La poética saudade de Niemeyer procedía de la nostalgia del que teme perder la mirada porque se complace en la fiesta de vivir. La arquitectura fue, en consecuencia también para el maestro, un placentero remedo de los engranajes de la existencia en el planeta. Un juego visual, sometido a la perspectiva del ojo humano, que permite ordenar las masas y los espacios con las leyes del contrapunto y de la escala. Las mismas reglas que rigen la naturaleza desbordante de los formidables paisajes desmembrados de la costa de Río de Janeiro, hechos de agua, de nubes y de morros. En las formas abstractas de esos montículos de su tierra natal, torneados por el mar con la arrogancia del Pan de Azúcar, Niemeyer distinguía las siluetas curvilíneas de hermosas mujeres a medio sumergir, casas y ciudades.

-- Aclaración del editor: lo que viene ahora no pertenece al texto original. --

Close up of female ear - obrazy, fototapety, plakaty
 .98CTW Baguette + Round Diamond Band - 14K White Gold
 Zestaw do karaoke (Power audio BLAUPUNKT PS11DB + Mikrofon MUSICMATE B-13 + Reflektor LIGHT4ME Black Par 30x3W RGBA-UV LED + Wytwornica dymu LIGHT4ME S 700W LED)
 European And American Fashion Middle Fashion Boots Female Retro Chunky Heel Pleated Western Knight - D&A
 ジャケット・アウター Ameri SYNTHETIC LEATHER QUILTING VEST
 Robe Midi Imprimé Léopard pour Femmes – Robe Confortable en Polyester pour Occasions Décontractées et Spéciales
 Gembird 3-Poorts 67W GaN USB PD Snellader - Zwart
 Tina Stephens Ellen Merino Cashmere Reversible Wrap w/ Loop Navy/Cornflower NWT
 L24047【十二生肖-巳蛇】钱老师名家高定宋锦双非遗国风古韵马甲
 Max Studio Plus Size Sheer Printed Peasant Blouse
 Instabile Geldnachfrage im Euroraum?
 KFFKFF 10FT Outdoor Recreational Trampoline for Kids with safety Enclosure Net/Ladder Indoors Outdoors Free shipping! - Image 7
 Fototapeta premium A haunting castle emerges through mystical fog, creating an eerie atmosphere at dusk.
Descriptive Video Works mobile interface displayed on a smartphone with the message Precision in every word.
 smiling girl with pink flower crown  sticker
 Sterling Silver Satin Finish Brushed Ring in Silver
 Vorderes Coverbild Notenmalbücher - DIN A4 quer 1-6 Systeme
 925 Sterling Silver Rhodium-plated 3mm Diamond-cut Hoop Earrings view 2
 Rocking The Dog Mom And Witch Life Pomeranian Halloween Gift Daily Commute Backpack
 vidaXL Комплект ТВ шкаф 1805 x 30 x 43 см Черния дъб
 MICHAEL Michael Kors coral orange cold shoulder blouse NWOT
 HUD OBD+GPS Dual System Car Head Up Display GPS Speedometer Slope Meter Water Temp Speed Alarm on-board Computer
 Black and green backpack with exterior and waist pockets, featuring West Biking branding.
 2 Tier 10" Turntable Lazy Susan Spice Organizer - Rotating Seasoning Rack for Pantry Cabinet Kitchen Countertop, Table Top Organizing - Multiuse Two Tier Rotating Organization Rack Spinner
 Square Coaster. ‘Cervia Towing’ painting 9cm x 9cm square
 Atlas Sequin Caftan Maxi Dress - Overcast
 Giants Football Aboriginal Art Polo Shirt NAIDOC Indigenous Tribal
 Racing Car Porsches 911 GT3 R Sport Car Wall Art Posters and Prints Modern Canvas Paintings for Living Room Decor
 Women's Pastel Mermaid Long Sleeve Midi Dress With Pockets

Niemeyer, Casa das Canoas, Río de Janeiro. © José Manuel Ballester

Casa das Canoas, Río de Janeiro. © José Manuel Ballester

Tenía su atalaya en el ático del Edificio Ypiranga, en la avenida Atlántica de Río de Janeiro, donde instaló su último estudio entre el cielo y el mar. Desde la galería de amplios ventanales escrutaba el océano que baña la playa de Copacabana hasta las aceras serpenteantes ideadas por su amigo Roberto Burle Marx al ritmo de las olas. Apreciaba el fluir de las curvas porque, insistía, “las curvas forman el Universo entero, el Universo curvo de Einstein”. Las veía en movimiento ondulando su arquitectura, traducidas del mar, de los meandros de los ríos y del cuerpo femenino. Él mismo las trazaba en el aire desde niño con el dedo, y de adulto, de pie y a brazo, con línea gruesa sobre papeles instalados en tableros verticales, para representar los escenarios ideados previamente en su cabeza, que imaginaba convertidos en materia real de arquitectura con la mediación de las cualidades plásticas del dúctil hormigón.

Descubrió la arquitectura del paisaje, y protagonizaron su obra el cielo, la tierra y el agua. Inventó marquesinas y techos recortados con la silueta de las nubes para mostrar la bóveda celeste a intervalos, y los construyó en la Casa das Canoas (1952), una obra esencial que habitó en Río de Janeiro con su familia. Separó del suelo las entradas para subirlas al cielo y formó, hasta ellas, escaleras de caracol y rampas ascendentes que pasean en el aire formando bucles inéditos en el Museo MAC. Enterró accesos en la Catedral Metropolitana de Nuestra Señora Aparecida (1958) de Brasilia, para acceder a la luz celestial desde la oscuridad pecaminosa de la tierra. Ideó nuevas configuraciones para la columna y para el arco en los esquemáticos palacios de Brasilia, donde inventó huecos con texturas y alcanzó la escala ciclópea con el tratamiento brutalista de los materiales. Compuso estructuras sobre plataformas urbanas, al modo de los bodegones de los pintores, en Niterói y Avilés, y forjó símbolos solemnes con megalitos, obeliscos, dólmenes, cajas, huevos, bultos, tenderetes, abanicos, caracoles, copas, cuencos, manos, hoces y rastrillos, que guardarán la memoria de Oscar Niemeyer, el último de los progenitores de la arquitectura moderna.